The problem
Please print nothing but the lines from the one containing "UNV white bullet" to the final line below, exactly, and no pictures.

Stored data

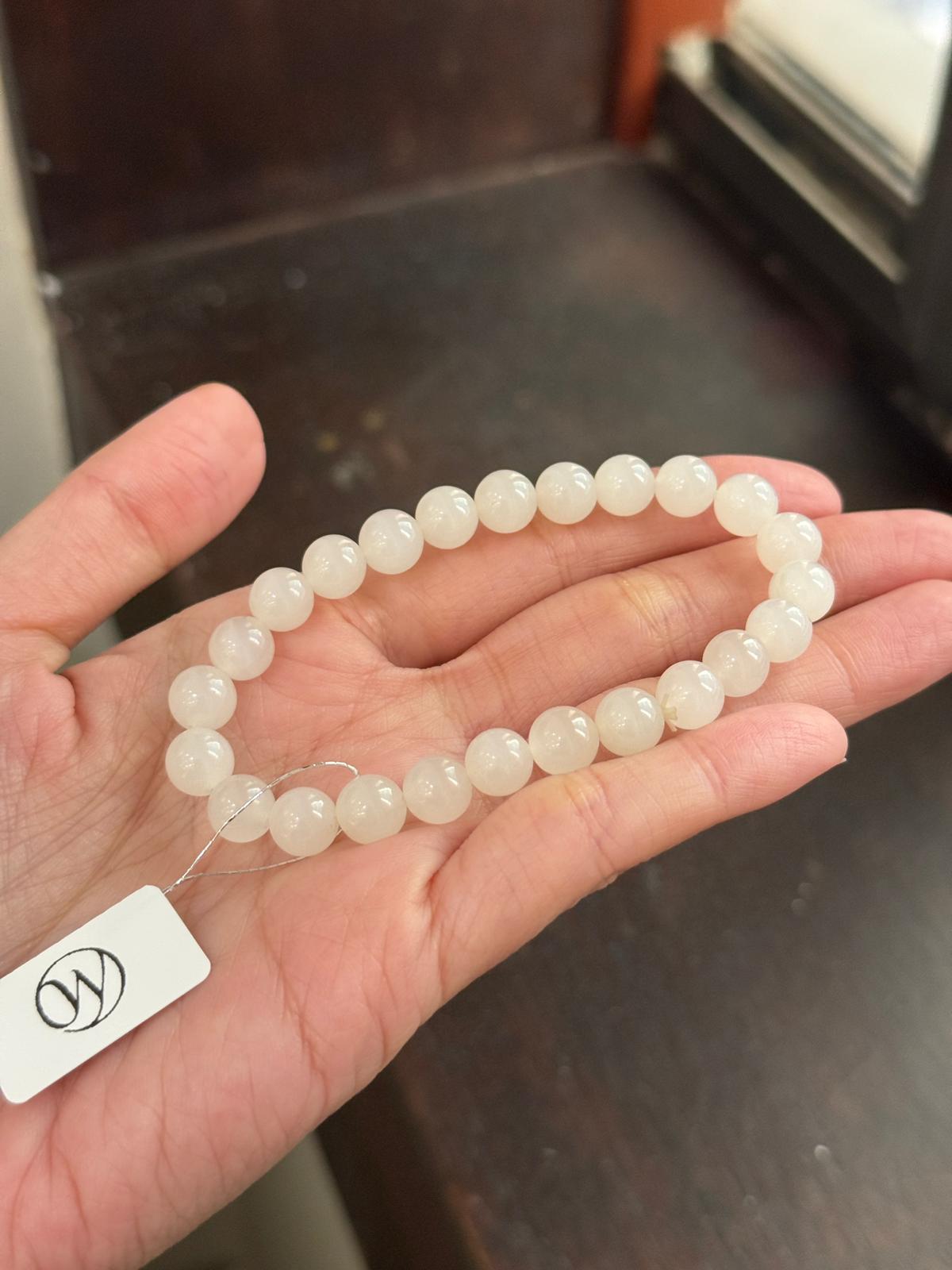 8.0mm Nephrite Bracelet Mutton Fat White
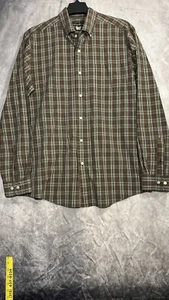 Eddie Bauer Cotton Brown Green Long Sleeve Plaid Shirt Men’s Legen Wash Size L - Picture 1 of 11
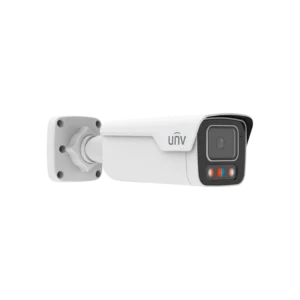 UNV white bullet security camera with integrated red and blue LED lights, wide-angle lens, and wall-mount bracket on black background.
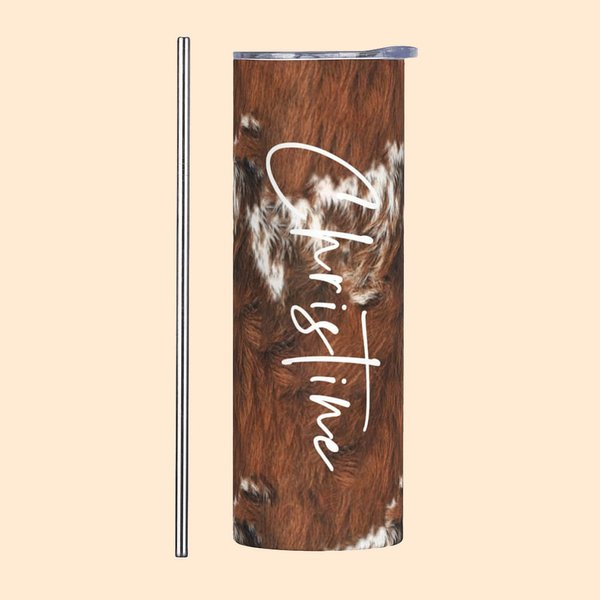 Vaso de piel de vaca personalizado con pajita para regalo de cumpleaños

Result of the task
 UNV white bullet security camera with integrated red and blue LED lights, wide-angle lens, and wall-mount bracket on black background.
 Vaso de piel de vaca personalizado con pajita para regalo de cumpleaños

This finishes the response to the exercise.